# Converting Institution data to AEZs and Data cleaning

The validation data is orignally labelled by institution, this notebook will clip insitutionally labelled data to agro-ecological regions of Africa. After spatially clipping the data, the data is cleaned: duplicates are removed, observations that were cloudy or returned an 'NA' values from the datacube query, or were mislabelled are removed.

**Input data** : `<INSTITUTION_NAME>_wofs_ls_valid.csv>`

**Output_data** : `<AEZ>_wofs_ls_validation_points.csv`

Last modified: 13/02/2023

In [1]:
import numpy as np
import xarray as xr
import pandas as pd
import geopandas as gpd
from shapely.geometry import Polygon



In [2]:
path = '../02_Validation_results/WOfS_Assessment/wofs_ls/Institutions/'

AGRYHMET = pd.read_csv(path+'AGRHYMET_wofs_ls_valid.csv')
RCMRD = pd.read_csv(path+'RCMRD_wofs_ls_valid.csv')
OSS = pd.read_csv(path+'/OSS_wofs_ls_valid.csv')
AFRIGIST = pd.read_csv(path+'AFRIGIST_wofs_ls_valid.csv')

In [3]:
# concatenate the institution data into a big table and check total length
combined = pd.concat([AGRYHMET, RCMRD, OSS, AFRIGIST]).reset_index(drop=True).drop('Unnamed: 0', axis=1)
print('Total Number of points:', len(combined))

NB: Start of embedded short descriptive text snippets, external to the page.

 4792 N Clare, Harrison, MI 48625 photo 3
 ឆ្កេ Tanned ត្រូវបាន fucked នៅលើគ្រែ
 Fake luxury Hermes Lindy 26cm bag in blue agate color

Total Number of points: 40131


Now that they are all combined into one table, we need to turn it into geopandas to be able to compare it with the shape files...

In [4]:
# make a geopandas object
geo_combined = gpd.GeoDataFrame(combined, geometry=gpd.points_from_xy(combined.LON, combined.LAT), crs='EPSG:4326')


## Clip points to AEZ's

In [5]:
path = '../02_Validation_data/AEZ_shapefiles/'
east = gpd.read_file(path+'Eastern.shp')
west = gpd.read_file(path+'Western.shp')
north = gpd.read_file(path+'Northern.shp')
south = gpd.read_file(path+'Southern.shp')
sahel = gpd.read_file(path+'Sahel.shp')
central = gpd.read_file(path+'Central.shp')
io = gpd.read_file(path+'Indian_ocean.shp')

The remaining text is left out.